A popular wedding folksong made references to ibex hunting:

“When an arrow flew to high heaven,

it brought back the wings of the bird-king.

When the arrow flew to the high cliff,

it brought down the muscles of the ibex.”

Ribbach (1986, p.88)

Similarly, another folk song described the process of ibex hunting in the following manner:

“Take the arrows then the bow,

The arrow-shafts and the heads

O boy that art clever at hiding!

O boy that art clever at climbing;

O boy, clever at getting out of sight,

An ibex can be seen,

Ibex can be seen in a herd!

Now take the arrow, O boy!

Then take the arrow-shafts and heads,

O boy that art clever at driving them together;

O boy that art clever at driving them heaps;

Thou that art clever at singling out the best; Thou that art clever at shooting them!”

Francke (1907, p. 37)

Hunting songs often described the fate of the ibex:

“Seven men had a discussion with each other, Hundred men assembled to go hunting,

Prepare the jaggery,

Prepare the barley flour and butter

Prepare the tip of the arrow, Prepare the bow made of sandal wood,

Prepare the sapphire-like dog,

Then send the men to the mountains,

Dispatch one group to the peak of the mountain,

Dispatch the other two on either side,

Then let loose the hunting dog

Drop a rock from the peak.

Then stealthily follow the ibex

The ibex was killed.

The hunters praized the gods,

Now you men descend from the mountains,

Then the flesh was cut with the knife.

Then the meat was roasted,

The roasted meat was distributed,

All the men received an equal share.”

Phuntsog (2000, p. 225)

Apart from utilitarian values, narratives also associated the ibex with positive symbolism (27.5%). For example, the ibex, known for its nimbleness, was a mascot of the Ladakh Scouts infantry regiment of the Indian army. Ibex figurines made of dough were displayed during Losar (new year) and at the time of the birth of a child, especially a male child (Figure 2).

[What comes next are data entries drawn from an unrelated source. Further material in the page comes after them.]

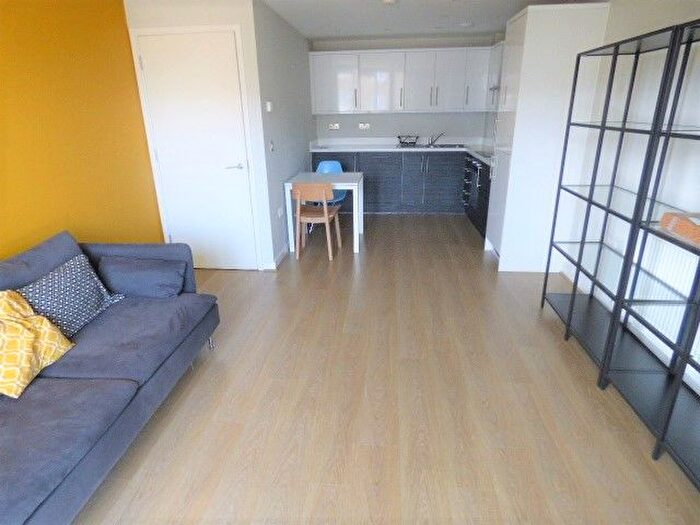 1 Bedroom Flat For Sale In Aubersridge Court, Festerbert Place, London, E3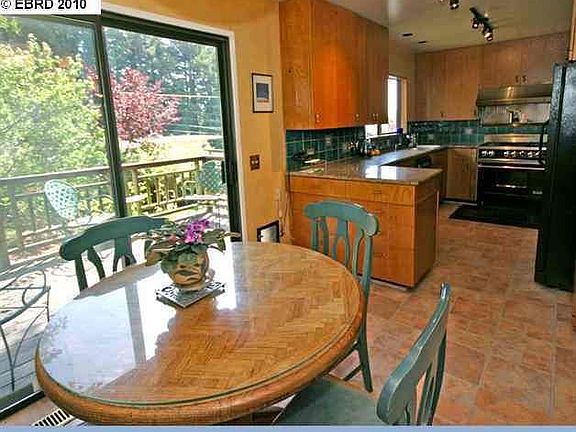 4th image of 27 Jessen Ct
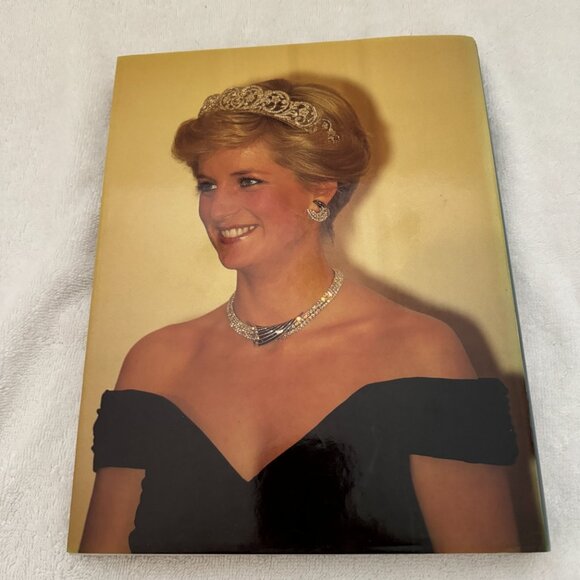 The Royal Jewels, Suzy Menkes - Picture 5 of 5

Positive symbolism vis-à-vis the ibex can be seen in the following song where the ibex is considered “pure” and therefore, the livestock (sometimes also referred to as a “horse”) of the protective deities:

“In my father’s place of (hunting) the ibex

There gather hundreds and thousands of large ibex

If the lhas and klus do not enjoy (this spectacle) who would enjoy it?

If the deities do not enjoy it, who would enjoy it?”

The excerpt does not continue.